# Material shown
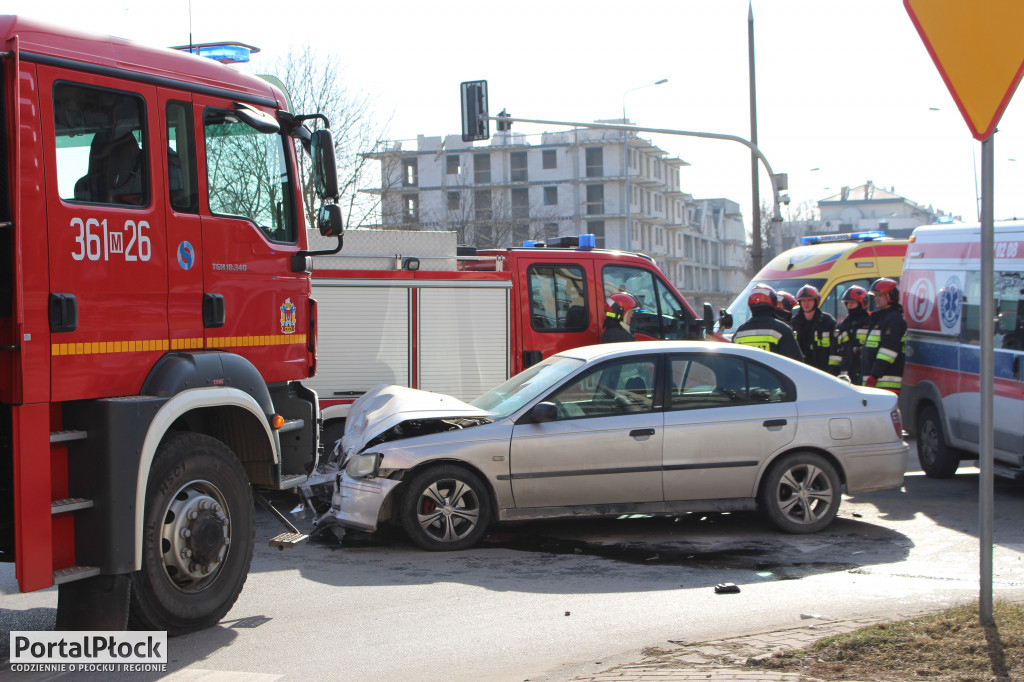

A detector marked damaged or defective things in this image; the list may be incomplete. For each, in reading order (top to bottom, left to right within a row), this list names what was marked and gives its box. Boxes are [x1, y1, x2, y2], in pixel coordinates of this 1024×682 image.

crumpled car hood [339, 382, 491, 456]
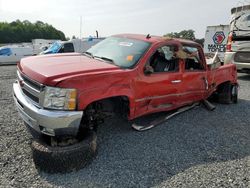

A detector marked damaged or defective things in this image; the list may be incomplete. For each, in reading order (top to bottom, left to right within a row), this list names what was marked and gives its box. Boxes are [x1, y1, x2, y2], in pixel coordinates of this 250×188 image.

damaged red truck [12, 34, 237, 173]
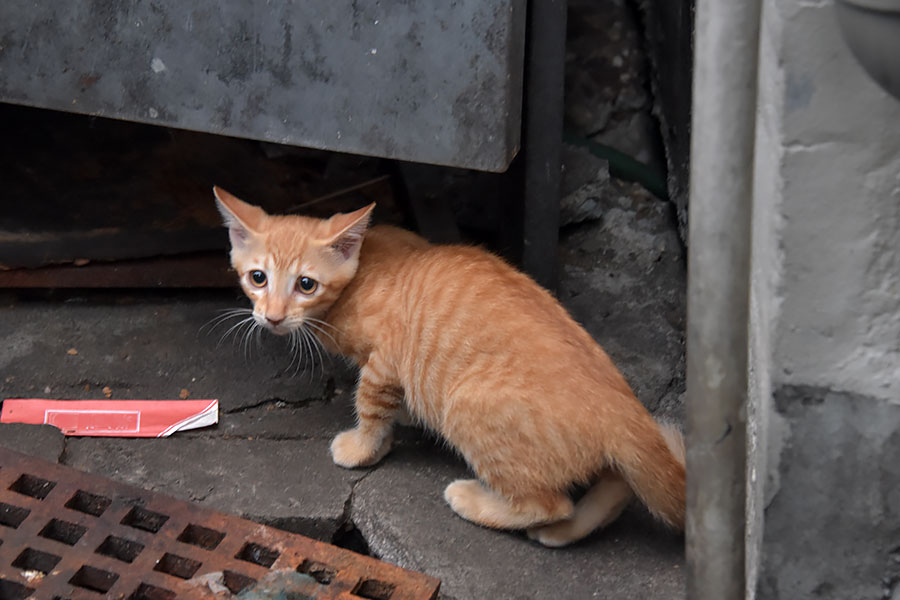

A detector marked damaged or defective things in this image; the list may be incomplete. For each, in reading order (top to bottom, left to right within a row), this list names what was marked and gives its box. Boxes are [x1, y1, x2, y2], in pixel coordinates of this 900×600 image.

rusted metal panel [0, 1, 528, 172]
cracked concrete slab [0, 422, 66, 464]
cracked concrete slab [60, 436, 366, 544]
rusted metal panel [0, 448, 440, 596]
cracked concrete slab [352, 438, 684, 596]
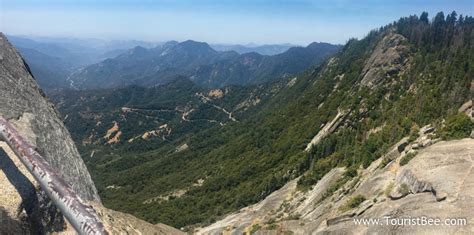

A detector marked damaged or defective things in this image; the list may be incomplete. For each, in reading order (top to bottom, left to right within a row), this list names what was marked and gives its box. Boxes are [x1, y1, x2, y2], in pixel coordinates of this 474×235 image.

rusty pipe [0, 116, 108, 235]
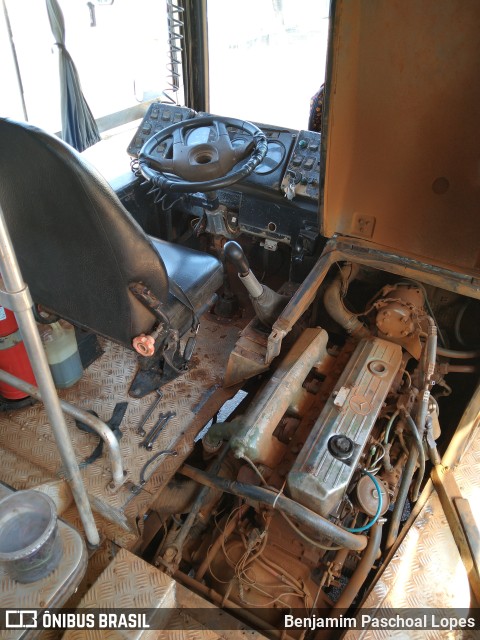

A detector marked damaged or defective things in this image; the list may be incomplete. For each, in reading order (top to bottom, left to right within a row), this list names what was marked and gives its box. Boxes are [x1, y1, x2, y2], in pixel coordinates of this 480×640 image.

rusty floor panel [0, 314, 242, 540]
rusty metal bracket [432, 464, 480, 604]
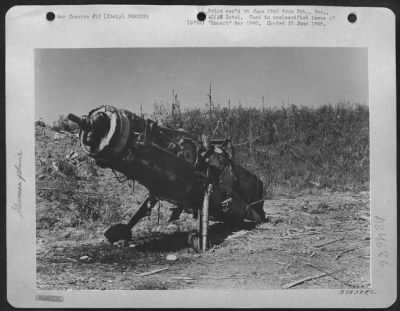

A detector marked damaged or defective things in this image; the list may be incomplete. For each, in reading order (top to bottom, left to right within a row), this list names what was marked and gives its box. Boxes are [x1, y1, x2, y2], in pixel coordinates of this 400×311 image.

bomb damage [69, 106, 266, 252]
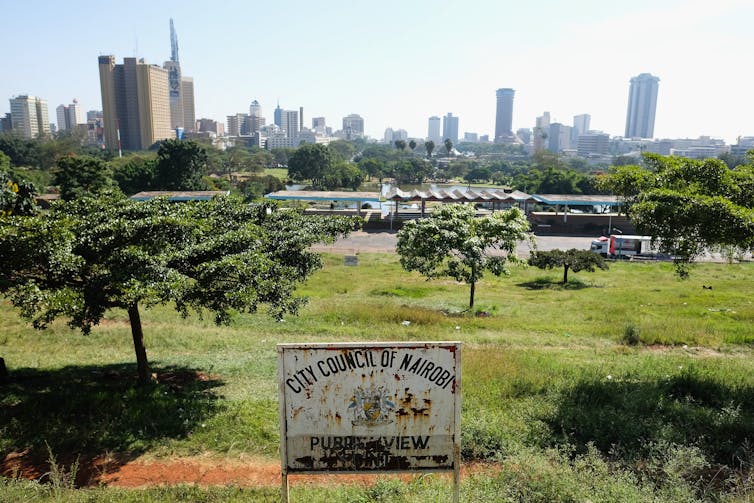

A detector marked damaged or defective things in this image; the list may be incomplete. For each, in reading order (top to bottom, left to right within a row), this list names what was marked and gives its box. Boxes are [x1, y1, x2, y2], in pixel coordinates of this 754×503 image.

--

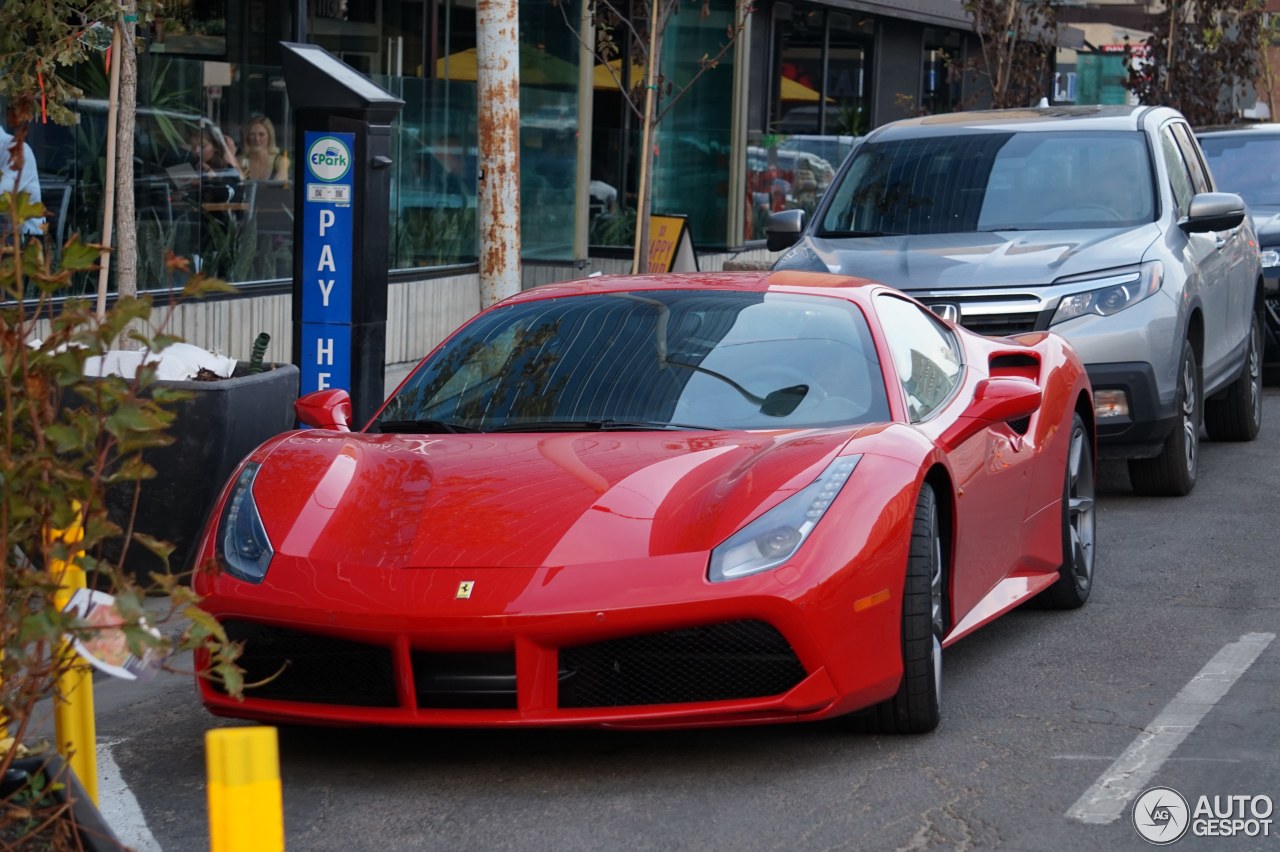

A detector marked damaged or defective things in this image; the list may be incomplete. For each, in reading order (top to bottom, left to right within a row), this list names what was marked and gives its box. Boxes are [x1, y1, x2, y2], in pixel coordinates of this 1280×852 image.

# Problem requirements
Copy out exactly the material that runs from the line with "this 480×640 image." to the line with "this 754×503 image.", ends included, and leave the pictures behind.

# Task response
A detector marked damaged or defective things in this image; the list may be incomplete. For each, in reading order (top to bottom, left to right within a row), this list names what was marked and gives its box. Boxes are [x1, y1, x2, y2], in pixel coordinates of this 480×640 image.

rusty floor panel [0, 314, 242, 540]
rusty metal bracket [432, 464, 480, 604]

A detector marked damaged or defective things in this image; the list may be incomplete. For each, in reading order (top to bottom, left to right within a row), this list names what was marked and gives its box. Boxes are [x1, y1, x2, y2], in pixel coordinates of this 400×311 image.

bomb damage [69, 106, 266, 252]

A detector marked damaged or defective things in this image; the list may be incomplete. For each, in reading order (top to bottom, left to right within a row), this list names what was marked and gives its box. Boxes are [x1, y1, x2, y2], in pixel coordinates of this 754×503 image.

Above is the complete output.